**Problem**
Starting at the line holding "Number 4: Elikliv" and finishing at the line holding "Coach Ron does", transcribe the material exactly, keeping both ends but no pictures.

++++++++++++++++++++

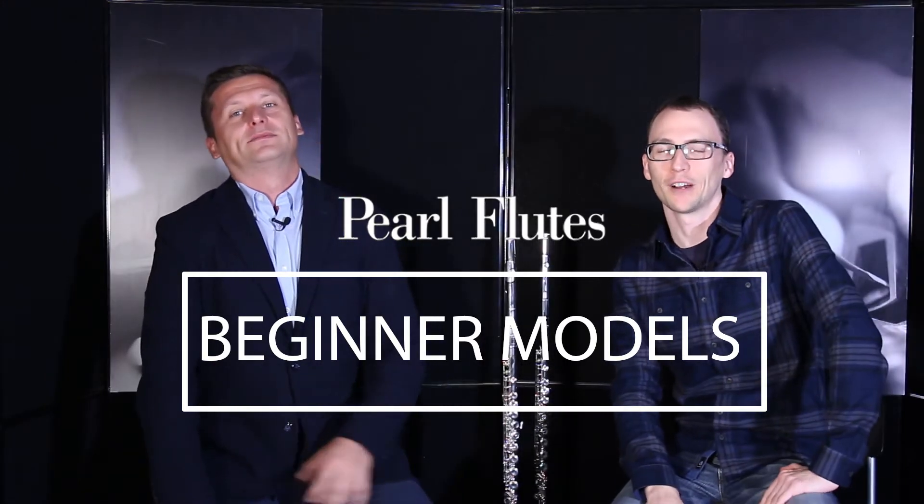Okay everybody, I'm here with Christoph and we're going to talk about some of the Pearl flute models. We're going to start with the two student models: the 505 and the 525. Let's grab the 525 — yes, you remember it!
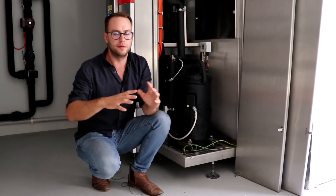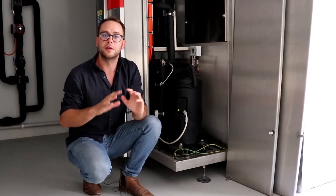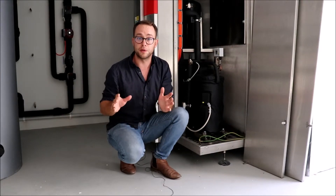The best compressor you can get — it's definitely not the cheapest, but it is the best and most proven — is Copeland. Copeland has the best technical data, the best support, they've made the most compressors of anyone, and they've been around the longest. By a long shot, it's the best compressor brand available, and if you do your research you'll find that the best heat pump brands use Copeland compressors.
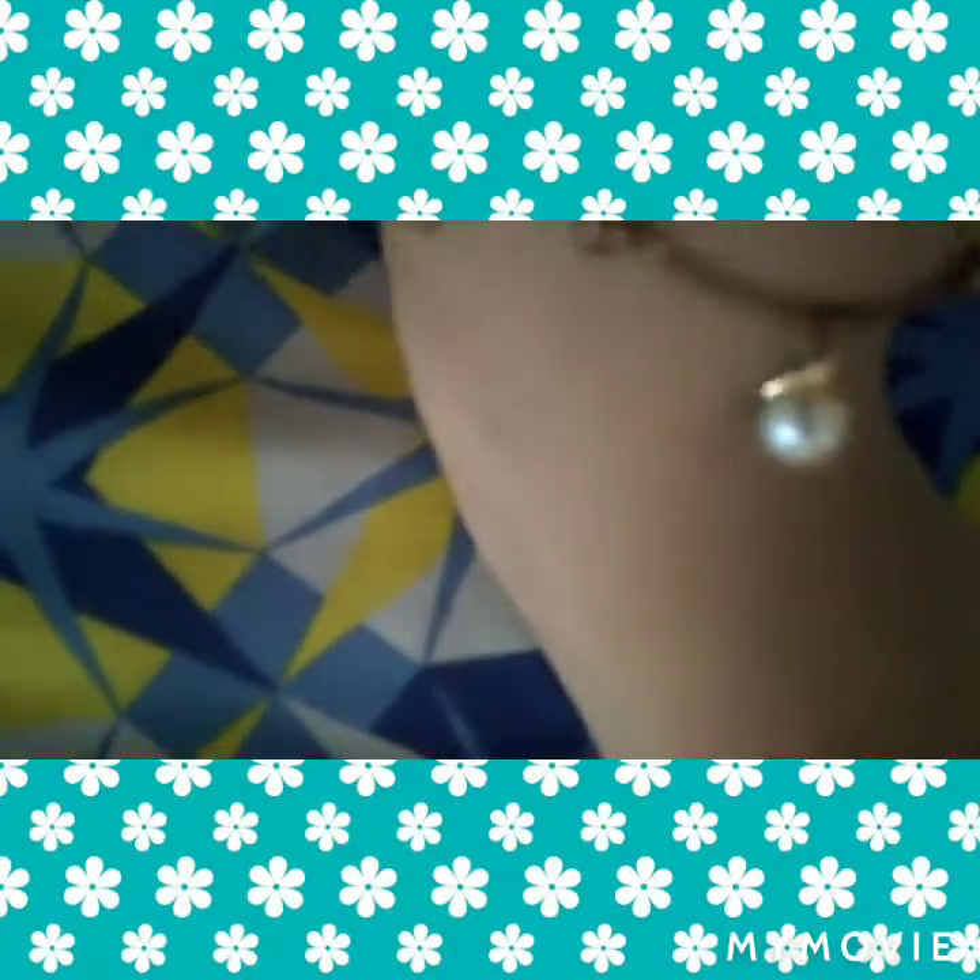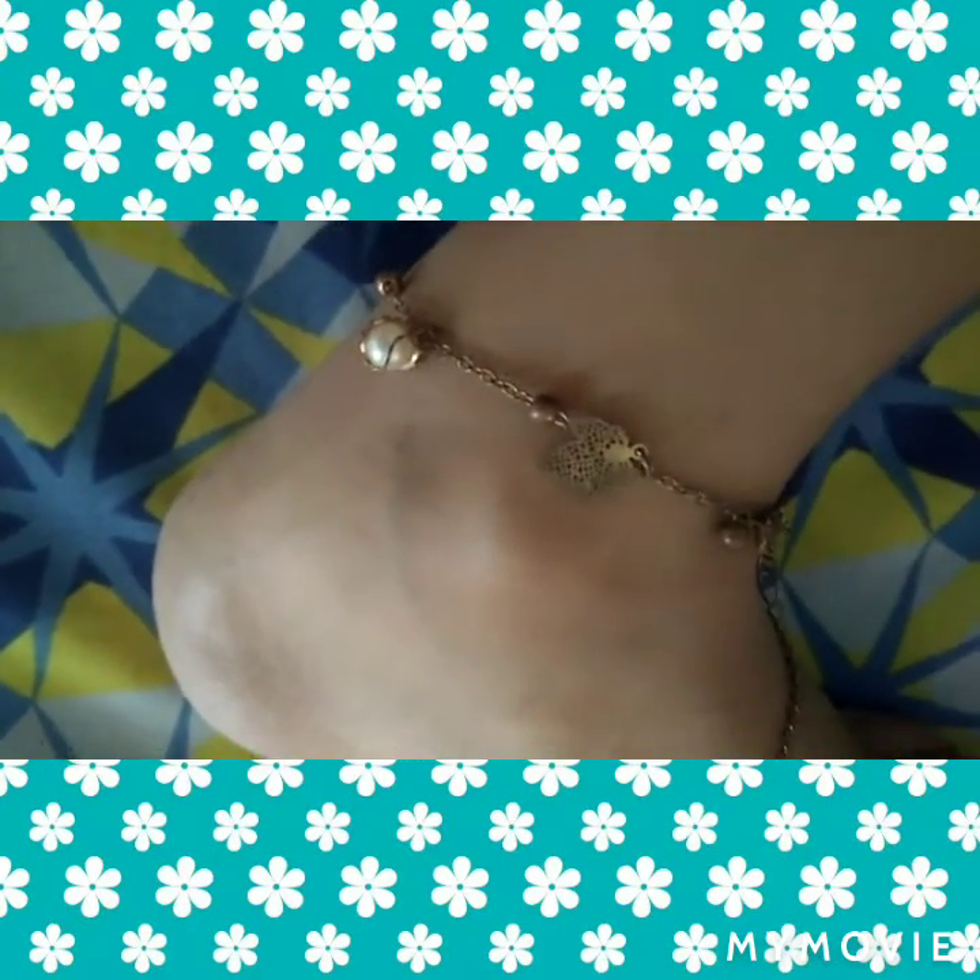I wore my anklet and it's really precious to me — it looks so beautiful. It has some pearl on it and some leaf design. It is golden in color, but now it looks a bit brownish because it is really a bit old. But it's really beautiful and it's really precious to me.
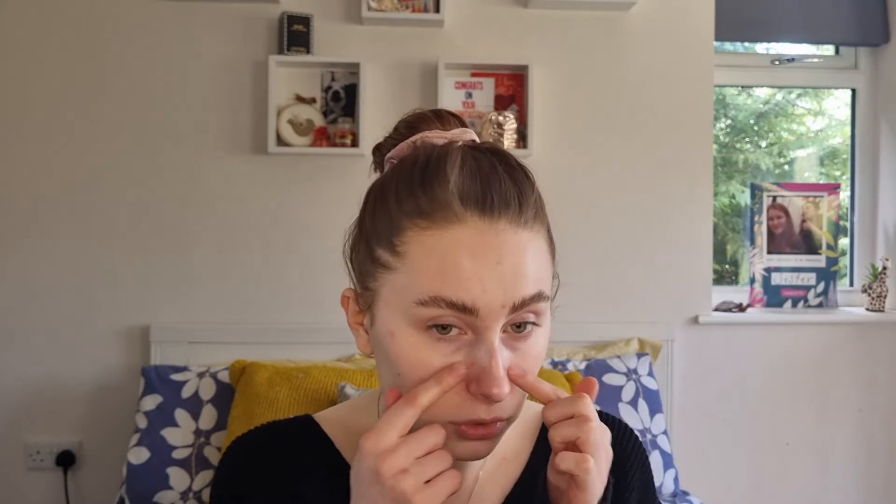It claims to be buildable light-to-medium coverage, hydrating, with a diffused effect, and it says it's humidity, sweat, and transfer resistant. A little bit about my skin — as you can see I've got a few spots. I have combination skin; I tend to get quite oily in my T-zone, on my chin, around my nose, but at the same time I get quite flaky there too — oily yet dry and flaky. My skin is also very sensitive, so very awkward skin.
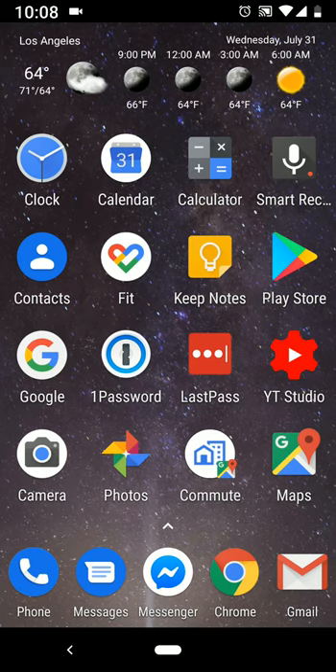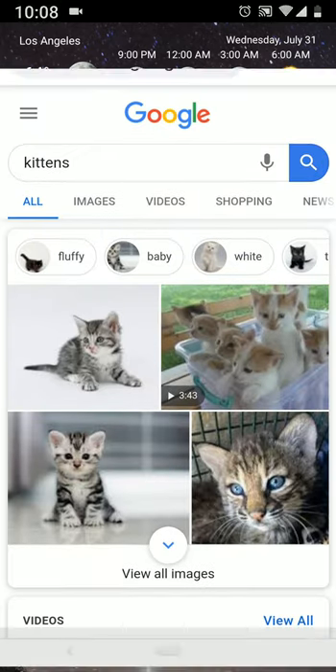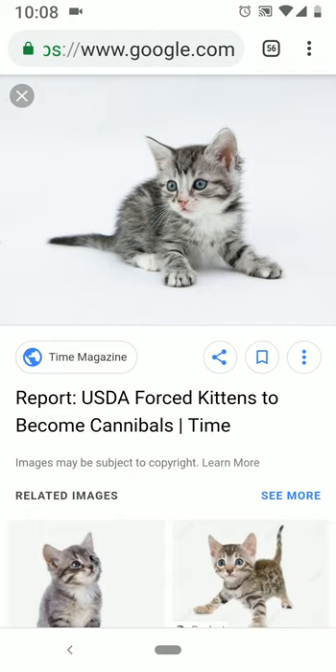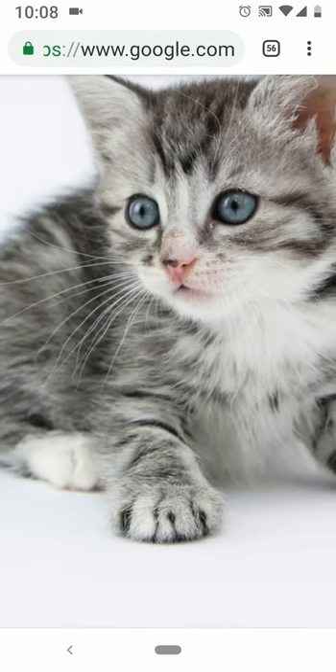Hi, so today I'm going to show you how to take a screenshot of your smartphone's screen. Let's imagine that you're surfing the internet on your phone and you find a picture of a cute cat and you're like, I want that picture and I want to save it.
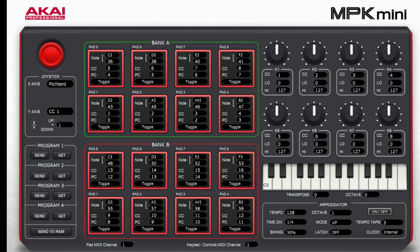A quick video on how to set up the MK Mini 2 with Music Maker 2017 to play the live pads.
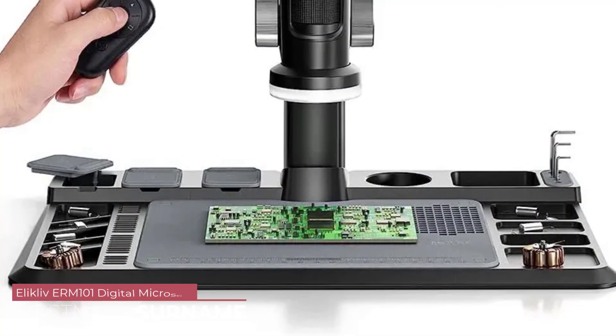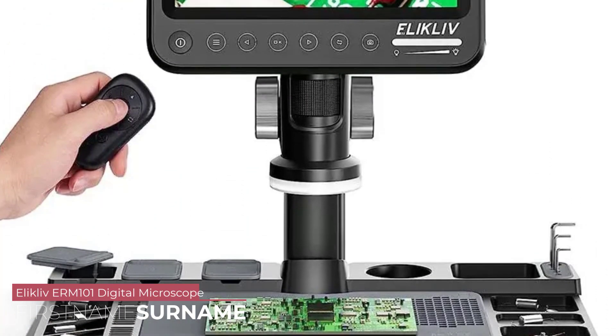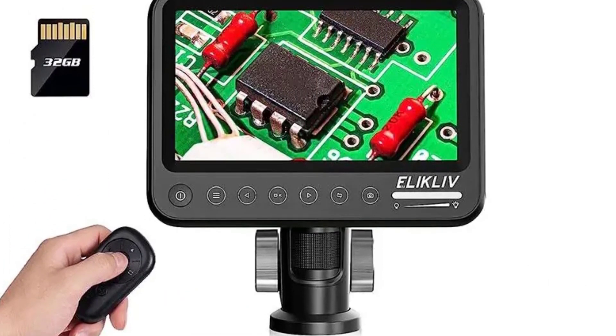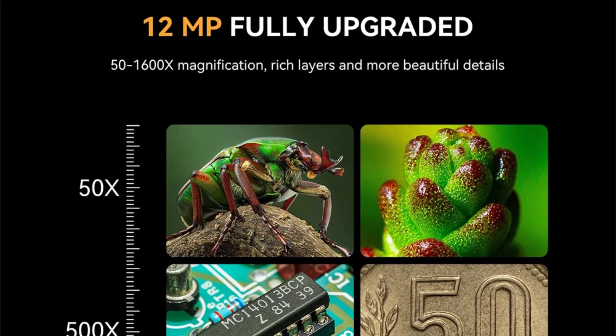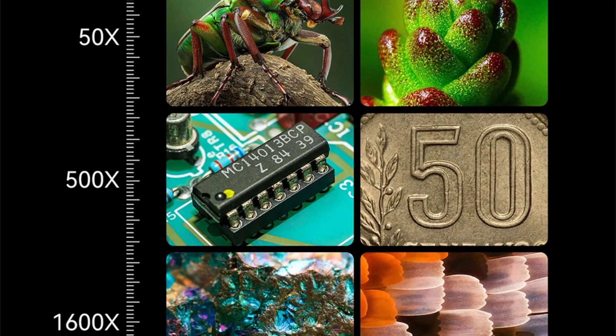Number 4: Elikliv ERM-101 Digital Microscope. The ERM-101 is constructed with a durable aluminium alloy, giving it a robust and premium feel. The monocular draw tube is well designed, providing a comfortable and ergonomic viewing experience. The attention to detail in the build ensures longevity, making it suitable for various applications.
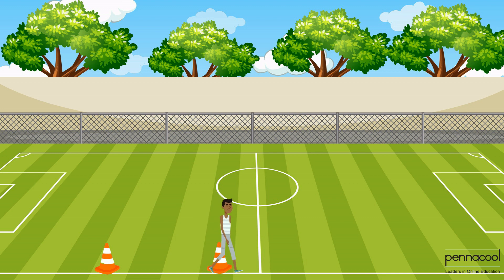Coach Ron does this repeatedly until he completes his setup. Coach Ron then has to measure a distance of 15 meters.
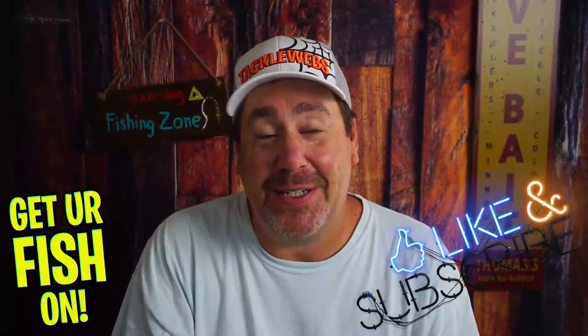Thanks for hitting that like and subscribe button. Make sure you comment below and tell me what you think. Freaky! Remember, take a kid fishing, get your fish on. We'll see y'all soon. Cheers.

++++++++++++++++++++

**Result of the exercise**
Number 4: Elikliv ERM-101 Digital Microscope. The ERM-101 is constructed with a durable aluminium alloy, giving it a robust and premium feel. The monocular draw tube is well designed, providing a comfortable and ergonomic viewing experience. The attention to detail in the build ensures longevity, making it suitable for various applications.
Coach Ron does this repeatedly until he completes his setup. Coach Ron then has to measure a distance of 15 meters.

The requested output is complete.